Avant de continuer, revenons sur la définition du terme « cozy », qui vient de l’anglais et qui peut se traduire par « chaleureux ». Ainsi on va associer ce mot à tous les mobiliers et rituels évoquant le confort, la douceur, la nature, la chaleur et la bonne humeur. Quand on baigne dans cette ambiance, on doit pouvoir oublier tout ce qui se déroule en dehors de notre bulle/cocon de sécurité (rapports conflictuels, dégradations écologiques, injustices sociales…). Cette ambiance est particulièrement appréciée par les personnes facilement réceptives au stress : les introvertis, les éco-anxieux, les hypersensibles… et celles vivant une période très anxiogène dans leur foyer ou dans d’autres situations où elles peuvent difficilement faire l’impasse.

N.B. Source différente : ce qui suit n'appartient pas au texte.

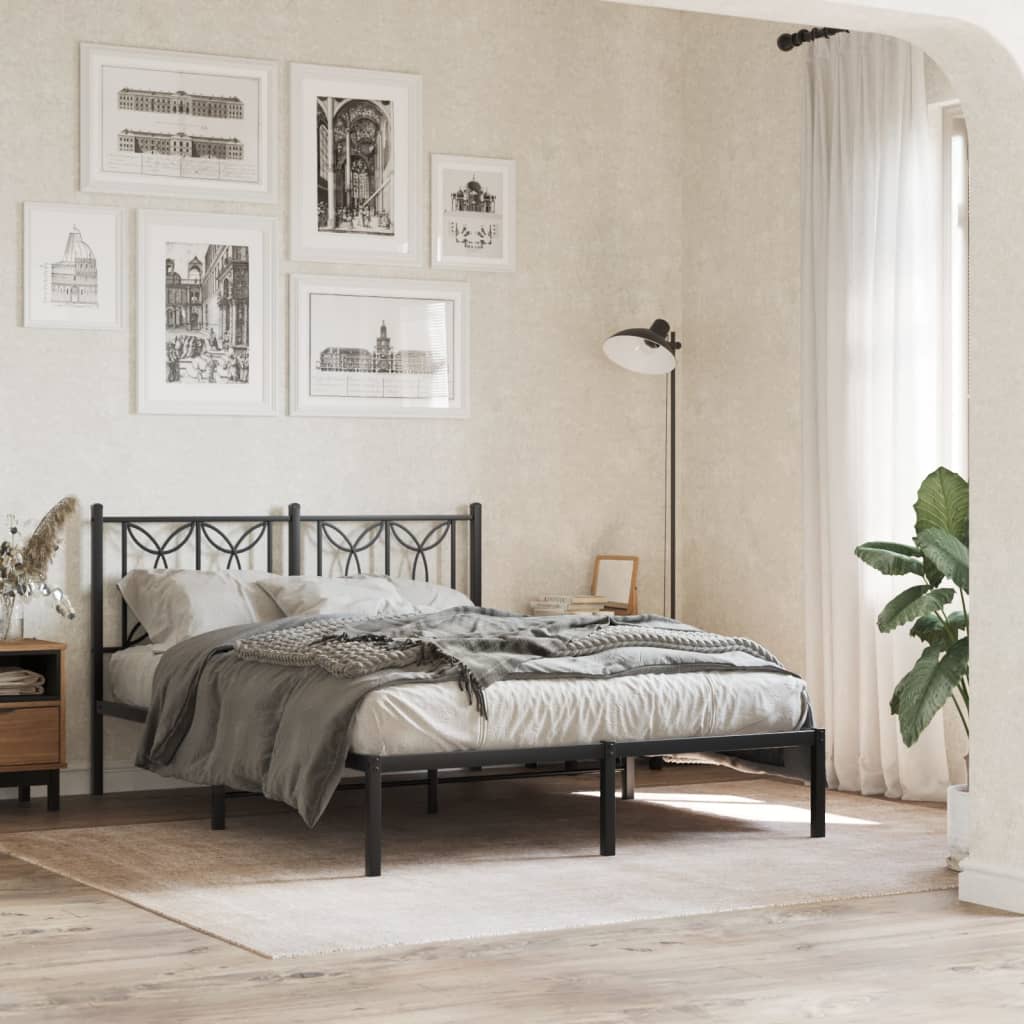 Cadre de lit métal sans matelas avec tête de lit noir 140x190cm - XIOS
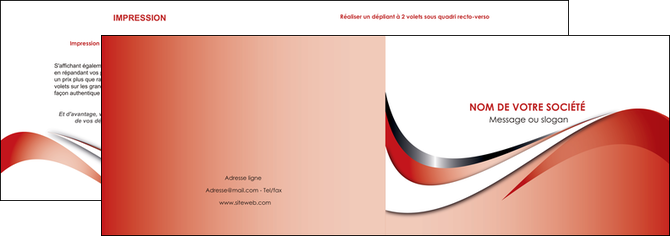 imprimerie depliant 2 volets  4 pages  web design rouge fond rouge couleur chaude MIDBE72118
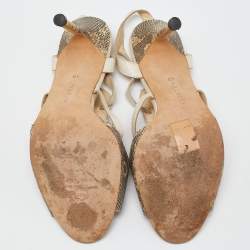 Manolo Blahnik Beige Lizard Leather Open Toe Strappy Sandals Size 40
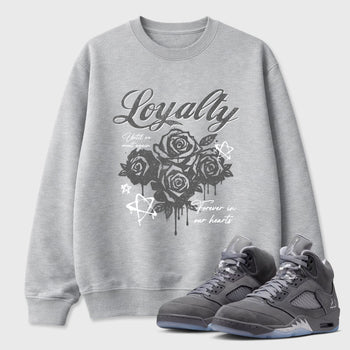 Sneaker match tees – Sneaker Tees To Match Air Jordan 5 Wolf Grey Shoes – Loyalty Tee Heather Grey 1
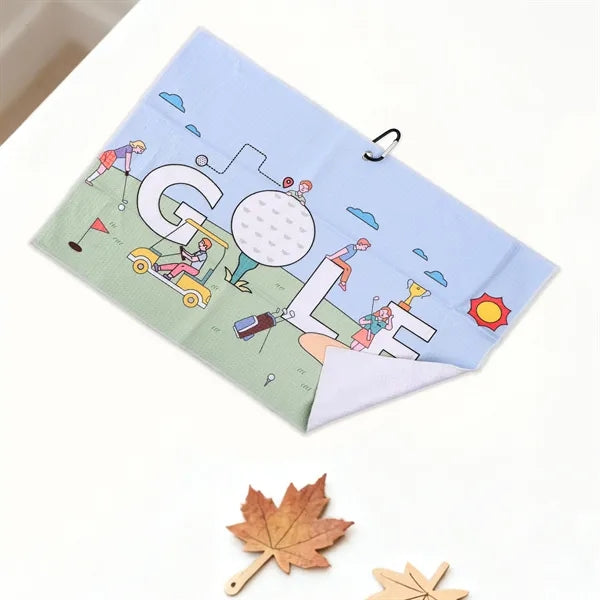 15.75"x23.5" Custom Microfiber Golf Towel W/ Carabiner Clip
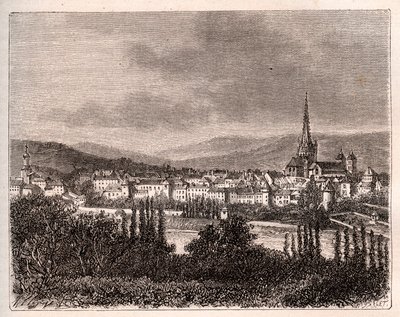 Autun - department of Saone-et-Loire - engraving in La France illustree: geography, history, statistical administration by V.A. Malt-Brown. 1884 by French School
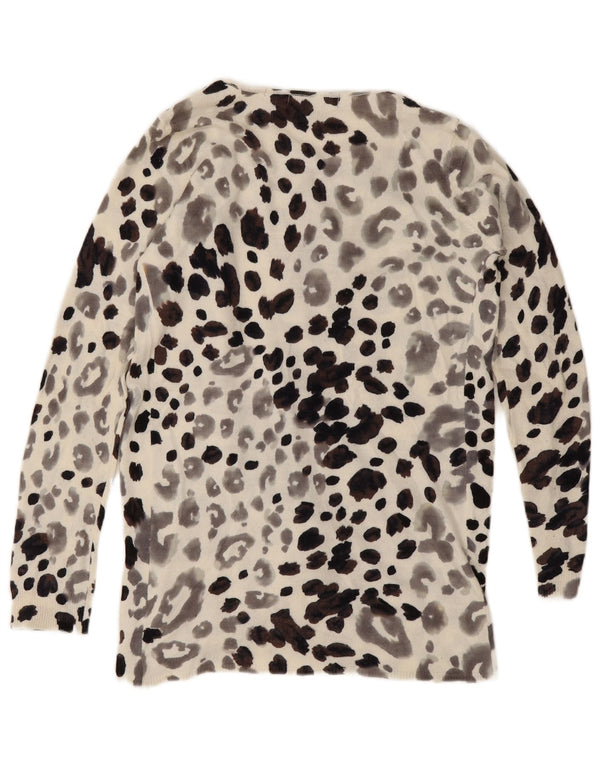 Marks & Spencer Womens Open Cardigan Sweater UK 10 Small White Animal Print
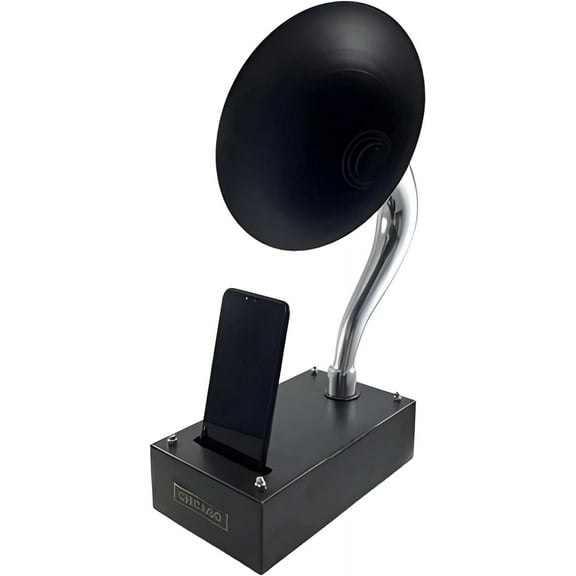 Antique Decor Vintage Gramophone Speaker Home Decor iPhone Gramophone Non-Electric Acoustic Smartphone Black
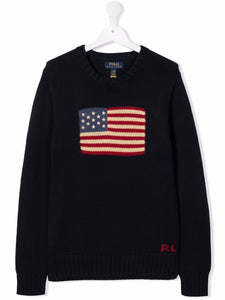 MAGLIONE BANDIERA BLU COTONE RALPH LAUREN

Les règles d’un Cozy Gaming réussi

Nous pouvons distinguer quatre règles communes aux cozy games. Celles-ci impactent la maniabilité, la temporalité, le design et les rapports sociaux. Concernant la première règle, le jeu se veut rapide à prendre en main avec peu de commandes et/ou des tutoriels accessibles à tout moment (où lors de phases précises, telle une cession pêche ou cuisine). Le gameplay se veut simple et pourvu de nombreuses aides. Des repères doivent indiquer comment parfaire sa pratique tels des jauges avec des indications de couleurs. Soit il est impossible de rater une activité, soit tout sera mis en œuvre pour rassurer le joueur (par exemple avec un message d’encouragement du jeu ou d’un autre avatar). Si le joueur veut s’aventurer hors de sa zone de confort, des chemins tout tracés et une carte facile à consulter le guident. S’il a la possibilité de sortir des sentiers battus, il doit pouvoir facilement retrouver des points de repères rassurants et y accéder sans encombre, voire la possibilité à tout moment de se téléporter dans une zone familière et avoir la garantie d’être écarté de tout danger.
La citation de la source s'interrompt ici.